If “othering” or seeing persons or groups of people as somehow “different” or not “fitting in” is one of the stumbling blocks of beloved community then relationship is the jackhammer that breaks it down. I see this happen all the time in youth communities like Goldmine and Midwest Leadership Schools. We take teenagers from many different backgrounds with many different personalities and ways of being in the world and ask them to basically live and learn together for a week. During our time together we build covenant, play games, learn technical skills like how to plan a worship service or lead a meeting and even have some fun and insightful history and theology lessons. But the real magic is in the work we do together. Physical work like cooking and cleaning, gardening and taking care of our temporary home. Challenging work like creating a worship service and receiving feedback. And spiritual work like reflection and deep sharing. That work, done side by side and collaboratively, builds relationships that see them through not just the challenges and tests of the week but for many of them into young adulthood and beyond.
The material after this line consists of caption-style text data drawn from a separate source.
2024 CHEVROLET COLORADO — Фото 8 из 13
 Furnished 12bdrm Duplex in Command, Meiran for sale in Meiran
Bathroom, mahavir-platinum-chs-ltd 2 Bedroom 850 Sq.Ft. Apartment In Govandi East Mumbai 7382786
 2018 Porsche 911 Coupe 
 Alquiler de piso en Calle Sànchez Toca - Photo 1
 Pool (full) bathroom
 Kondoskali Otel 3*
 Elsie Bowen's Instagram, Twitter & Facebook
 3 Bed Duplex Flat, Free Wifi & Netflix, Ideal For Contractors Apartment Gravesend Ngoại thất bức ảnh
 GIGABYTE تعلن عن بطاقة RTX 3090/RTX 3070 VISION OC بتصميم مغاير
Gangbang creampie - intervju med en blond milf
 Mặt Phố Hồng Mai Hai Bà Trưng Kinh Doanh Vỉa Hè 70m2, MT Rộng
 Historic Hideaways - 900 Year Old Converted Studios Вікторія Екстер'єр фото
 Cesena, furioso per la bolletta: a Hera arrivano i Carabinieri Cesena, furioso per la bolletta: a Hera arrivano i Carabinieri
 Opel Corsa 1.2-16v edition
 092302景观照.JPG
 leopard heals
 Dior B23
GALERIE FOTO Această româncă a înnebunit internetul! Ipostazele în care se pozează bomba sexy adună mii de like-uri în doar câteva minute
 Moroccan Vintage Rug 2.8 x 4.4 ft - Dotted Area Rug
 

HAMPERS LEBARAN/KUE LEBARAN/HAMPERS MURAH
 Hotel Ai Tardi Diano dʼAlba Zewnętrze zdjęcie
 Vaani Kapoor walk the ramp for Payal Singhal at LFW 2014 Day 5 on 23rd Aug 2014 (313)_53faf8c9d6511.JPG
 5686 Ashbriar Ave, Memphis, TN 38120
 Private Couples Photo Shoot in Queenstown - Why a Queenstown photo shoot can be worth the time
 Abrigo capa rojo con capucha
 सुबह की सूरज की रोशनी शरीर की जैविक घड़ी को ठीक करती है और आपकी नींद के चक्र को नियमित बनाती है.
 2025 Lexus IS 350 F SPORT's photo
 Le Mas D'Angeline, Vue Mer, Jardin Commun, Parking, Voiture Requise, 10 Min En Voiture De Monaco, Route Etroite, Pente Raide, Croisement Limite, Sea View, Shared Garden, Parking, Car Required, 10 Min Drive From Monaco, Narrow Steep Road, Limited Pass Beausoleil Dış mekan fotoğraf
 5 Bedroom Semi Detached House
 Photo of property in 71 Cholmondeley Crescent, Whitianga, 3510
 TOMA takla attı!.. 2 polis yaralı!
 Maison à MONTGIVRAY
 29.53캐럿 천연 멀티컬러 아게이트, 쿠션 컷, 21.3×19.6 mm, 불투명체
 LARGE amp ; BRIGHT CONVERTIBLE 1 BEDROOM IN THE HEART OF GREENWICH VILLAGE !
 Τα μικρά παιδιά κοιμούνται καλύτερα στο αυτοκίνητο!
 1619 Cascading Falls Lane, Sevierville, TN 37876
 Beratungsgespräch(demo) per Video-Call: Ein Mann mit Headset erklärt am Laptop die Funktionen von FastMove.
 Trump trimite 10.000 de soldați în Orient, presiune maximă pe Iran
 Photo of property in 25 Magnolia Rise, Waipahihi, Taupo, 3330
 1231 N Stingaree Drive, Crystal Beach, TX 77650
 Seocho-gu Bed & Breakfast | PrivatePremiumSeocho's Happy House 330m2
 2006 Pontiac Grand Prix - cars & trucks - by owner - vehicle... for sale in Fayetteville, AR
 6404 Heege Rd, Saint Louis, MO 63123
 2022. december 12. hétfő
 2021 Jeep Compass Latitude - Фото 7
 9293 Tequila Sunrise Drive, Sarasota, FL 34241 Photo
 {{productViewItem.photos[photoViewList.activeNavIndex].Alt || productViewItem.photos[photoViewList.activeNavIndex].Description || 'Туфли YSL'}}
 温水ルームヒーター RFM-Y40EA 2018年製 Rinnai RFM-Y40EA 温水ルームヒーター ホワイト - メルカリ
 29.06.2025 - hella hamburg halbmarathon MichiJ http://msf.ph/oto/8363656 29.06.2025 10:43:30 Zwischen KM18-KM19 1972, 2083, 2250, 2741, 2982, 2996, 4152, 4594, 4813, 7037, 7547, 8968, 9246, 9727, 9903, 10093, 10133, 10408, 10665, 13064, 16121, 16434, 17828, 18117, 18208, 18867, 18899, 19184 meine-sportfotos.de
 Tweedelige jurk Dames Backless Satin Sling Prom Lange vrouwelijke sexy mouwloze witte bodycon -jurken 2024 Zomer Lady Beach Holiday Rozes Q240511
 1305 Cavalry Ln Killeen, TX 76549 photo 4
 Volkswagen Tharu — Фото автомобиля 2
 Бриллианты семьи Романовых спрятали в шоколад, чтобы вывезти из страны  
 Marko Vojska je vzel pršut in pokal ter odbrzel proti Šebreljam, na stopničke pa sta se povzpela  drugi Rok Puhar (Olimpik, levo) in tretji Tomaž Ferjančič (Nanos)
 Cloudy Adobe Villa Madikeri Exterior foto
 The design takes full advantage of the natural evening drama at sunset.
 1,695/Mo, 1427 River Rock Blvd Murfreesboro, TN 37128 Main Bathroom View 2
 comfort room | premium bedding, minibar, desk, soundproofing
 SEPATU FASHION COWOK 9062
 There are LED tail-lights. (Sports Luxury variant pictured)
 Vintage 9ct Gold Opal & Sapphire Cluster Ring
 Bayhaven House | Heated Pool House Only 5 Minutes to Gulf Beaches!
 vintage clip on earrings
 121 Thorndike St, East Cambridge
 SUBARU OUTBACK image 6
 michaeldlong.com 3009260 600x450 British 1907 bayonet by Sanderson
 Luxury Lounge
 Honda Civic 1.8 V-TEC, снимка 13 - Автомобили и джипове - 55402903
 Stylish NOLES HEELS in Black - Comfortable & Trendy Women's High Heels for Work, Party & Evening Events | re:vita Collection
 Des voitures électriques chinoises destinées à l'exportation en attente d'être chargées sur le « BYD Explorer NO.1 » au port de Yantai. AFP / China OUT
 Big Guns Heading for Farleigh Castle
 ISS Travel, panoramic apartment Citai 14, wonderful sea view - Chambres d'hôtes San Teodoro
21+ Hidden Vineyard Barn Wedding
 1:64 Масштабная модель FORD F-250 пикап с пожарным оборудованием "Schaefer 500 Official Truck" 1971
It turns a bunch of teenagers who were apprehensive and nervous at the beginning of the week - who said they came to Leadership School because it would look good on their college applications or because their parent/minister/DRE made them - into family. The Group - the friendships - were now the reason they were there and why they didn’t want to leave.
Congregational life also gives us many opportunities for building the relationships that bond us to one another in community. And we can create even more connections on our own. This summer make some new friends in your congregation, invite someone over to your home for dinner, arrange a family playdate at a local park, spend time weeding each others gardens, or preserving your bounty together; build a shed, paint a fence, teach a new driver how to do minor maintenance on their car; coordinate a group trip to a local destination or a carpool to the library or shopping center. There are so many ways to spend time together in more personal ways. Nurturing authentic relationships that build solidarity and break down walls within our faith communities seems like the perfect summer homework during the season of leisure!